Tools That Manage State for You
AWS CloudFormation:
- AWS manages all state internally
- No state files to secure or back up
- No risk of state corruption
- No locking concerns
- Built-in drift detection
Azure Resource Manager (ARM Templates / Bicep):
- Azure manages deployment state
- Integrated with Azure portal
- Deployment history tracked automatically
Google Cloud Deployment Manager:
- GCP tracks deployment state
- Managed through GCP console
When State Management Is Your Responsibility
Terraform and Pulumi require you to manage state explicitly (unless using Terraform Cloud or Pulumi Cloud):
- You must configure remote backends
- You must implement locking mechanisms
- You must secure sensitive data in state
- You must handle backup and recovery
- You must prevent state corruption
Should You Accept This Complexity?
Only add user-managed state when you can articulate specific reasons:
Valid reasons:
- Multi-cloud requirements (managing AWS + Azure + GCP together)

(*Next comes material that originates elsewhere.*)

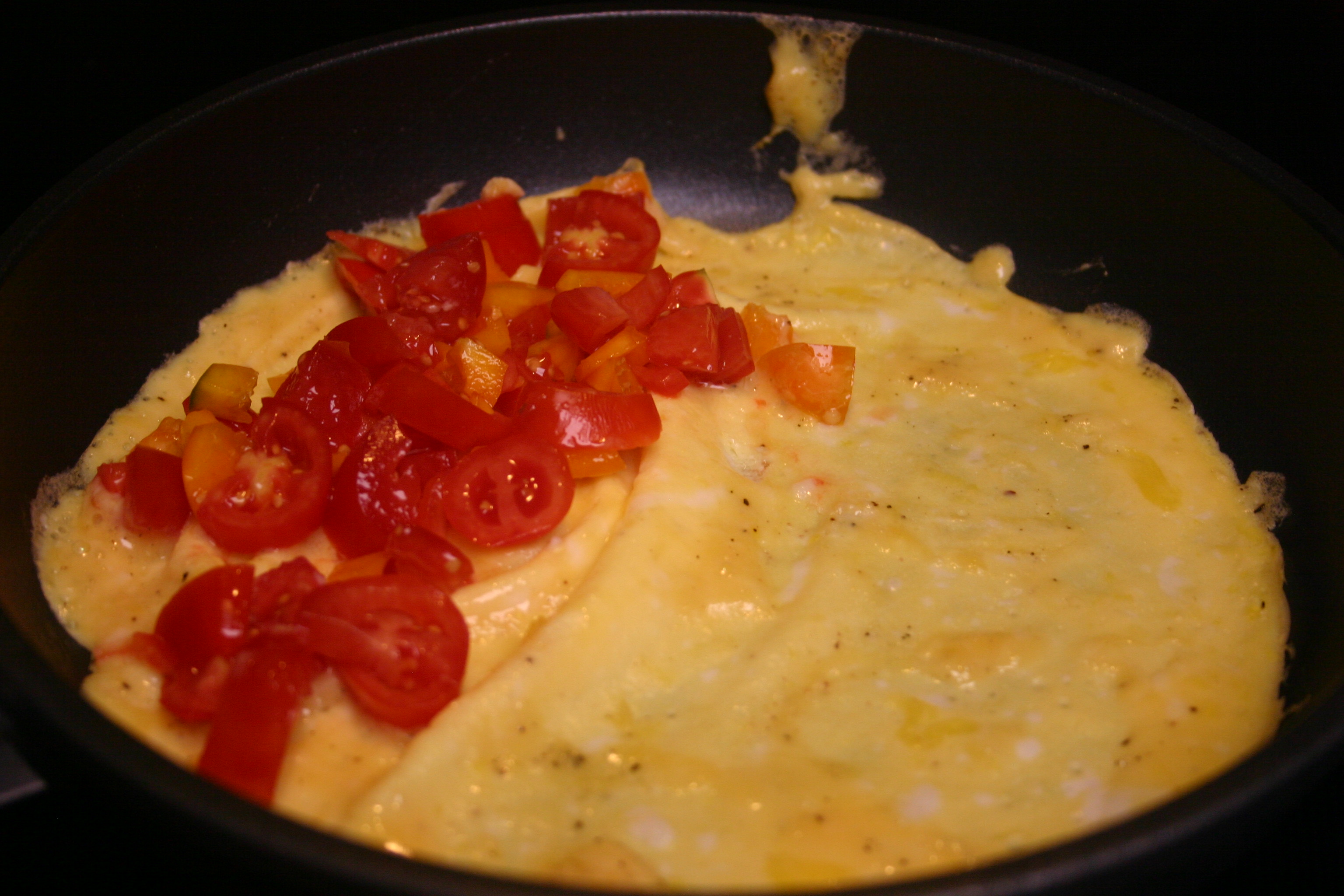 Veggie Omelette (2)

- Need for Terraform/Pulumi-specific features not available in cloud-native tools
- Existing infrastructure already managed by Terraform/Pulumi
- Organizational standard requires specific tooling
Not valid reasons:
- “Terraform is popular”
- “We know Terraform already” (unless you have multi-cloud needs)
- “Terraform is industry standard” (CloudFormation is the standard for AWS-only)
The cost of user-managed state:
- Risk of state corruption causing infrastructure issues
- Complexity of securing state files containing sensitive data
- Operational overhead of managing remote backends and locking
- Recovery procedures when state issues occur
- Additional infrastructure to support state management
If you’re deploying only to AWS, CloudFormation eliminates all of these risks.
Local vs. Remote State
Local State
What it is: State stored on local filesystem.
terraform.tfstate
Advantages:
- Simple to get started
- No additional setup required
- Fast access
Disadvantages:
- ❌ Not suitable for teams (no sharing)
- ❌ No locking (concurrent changes dangerous)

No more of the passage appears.